KI-generiertes Modedesign von Ope zur 1. AIFWNY 2023 (c) Ope

Schneller, höher, weiter – KI im Modedesign

Künstliche Intelligenz (KI) kann Prozesse im Modedesign beschleunigen und wird zweifellos Teil der angestrebten Digitalisierung von Wertschöpfungsketten sein. Aktuell ist die Euphorie groß, denn KI-Bildgeneratoren können schnell eindrucksvolle Bilder hervorbringen – und Modedesigns gleich in aufregenden Erlebniswelten darstellen. Aber es gibt auch Gegenstimmen, die sagen, dass es eher eine Entschleunigung des Modedesigns braucht und durchdachtere Designs, in denen auch Nachaltigkeitsaspekte mitgedacht werden. Dazu braucht es allerdings Kontextwissen, das der KI (noch?) fehlt. 

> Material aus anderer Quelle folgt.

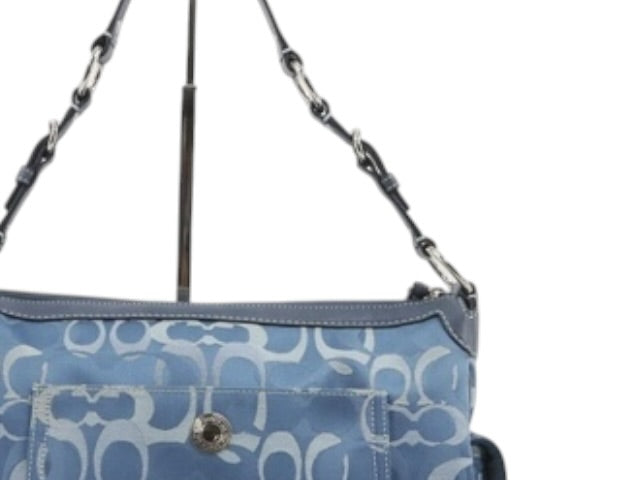 COACH BLUE SIGNATURE SHOULDER BAG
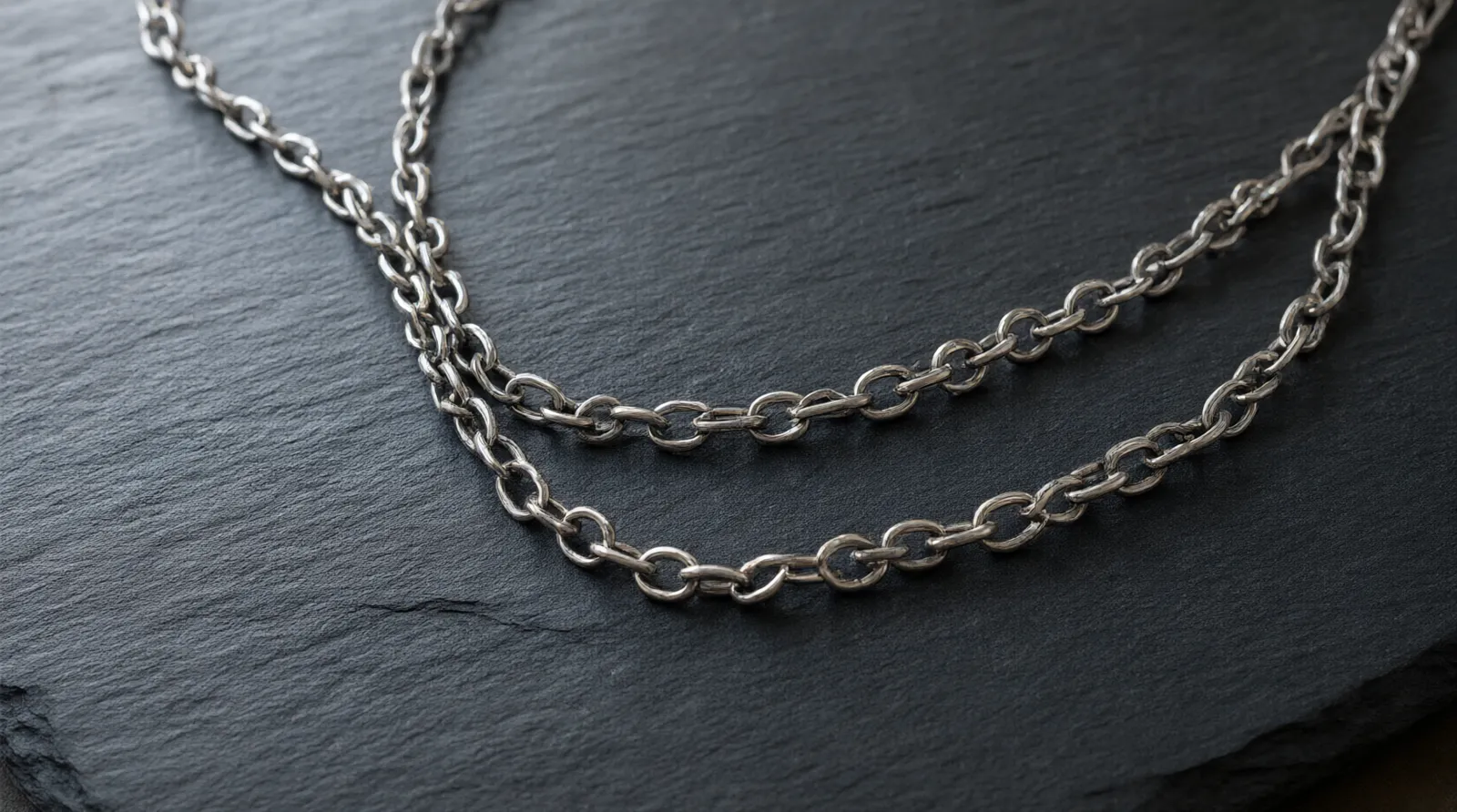 stainless necklace chain - Photorealistic close-up shot of a 7mm silver stainless necklace chain resting on dark slate, natural directional window light highlighting the interlocking link geometry and polished finish, shallow depth of field blurring the background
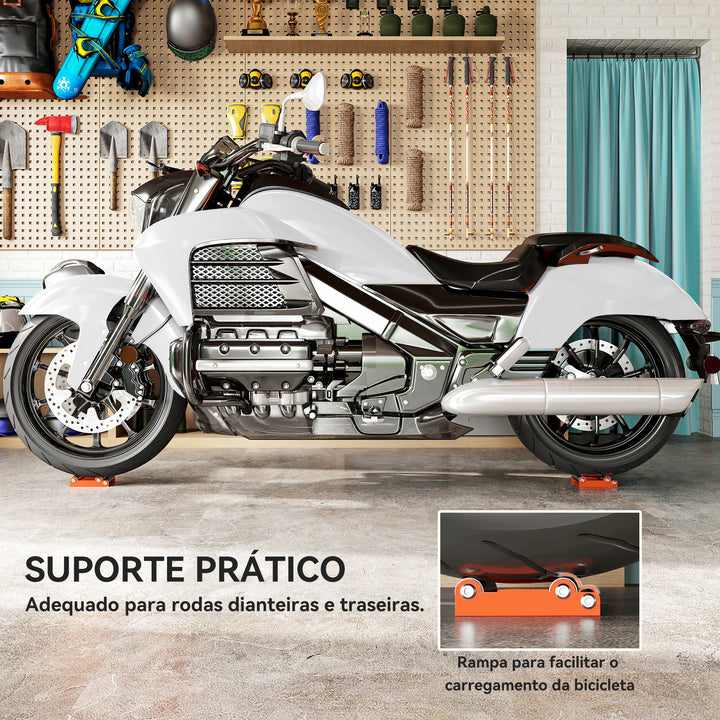 Suporte de Rolos para Moto Suporte para Limpeza de Rodas para Limpeza de Pneus e Lubrificação de Correntes para Motos < 220 kg e Largura de Pneus <180 mm Laranja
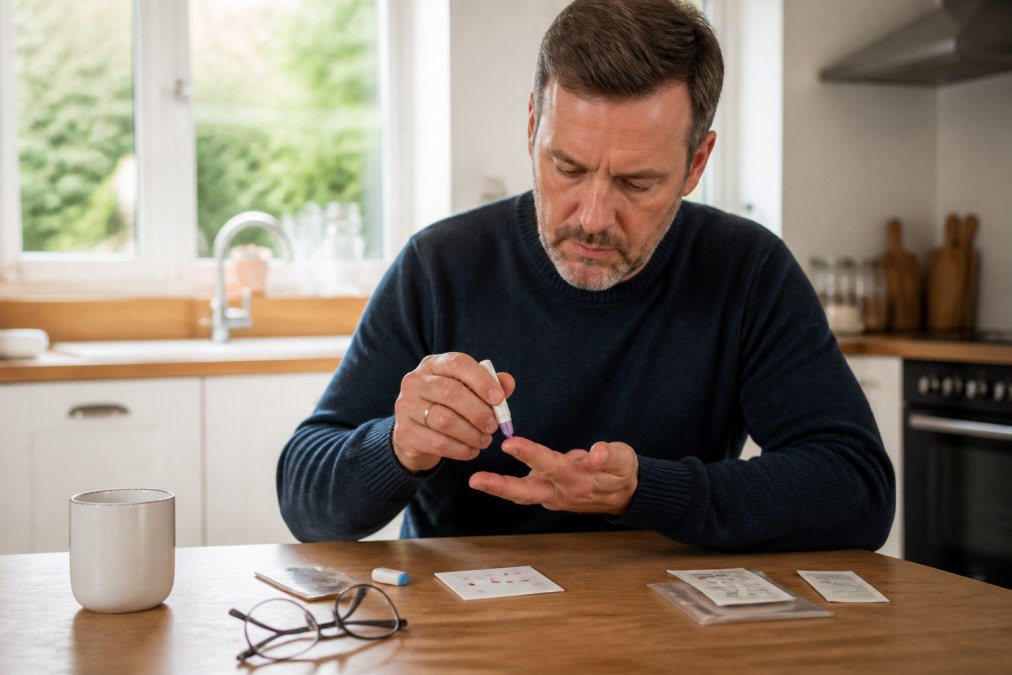 Step-by-step guide for performing an at-home blood test to screen for a common vitamin deficiency.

2019 sprach sich Alibaba-Chef Ma öffentlich für die Erneuerung des Bildungssystems aus. Man müsse Menschen Kreativität beibringen, da Computer zunehmend repetitive Tätigkeiten übernehmen werden. Damals dürfte er Robbie Barat noch nicht gekannt haben, ein Computer Nerd, der kurz zuvor einen KI-Bildgenerator entwickelt hatte. Er trainierte diesen mit Laufstegfotos des Labels Balenciaga und generierte daraus eine Kollektion, die erkennbar Balenciaga war, sich aber klar von den Designs unterschied, die in die Trainingsdaten eingegangen waren. Das Online-Medium SSense titelte: „Robbie Barrat macht den Computer zum Kreativdirektor.“ Barrat verwendete Generative KI – das sind Machine-Learning Algorithmen, die fähig sind, neue Inhalte zu kreieren. Trainiert man diese mit großen Mengen beispielhafter Daten, dann erkennen sie darin Muster und Strukturen und kreieren selbstständig neue Beispiele.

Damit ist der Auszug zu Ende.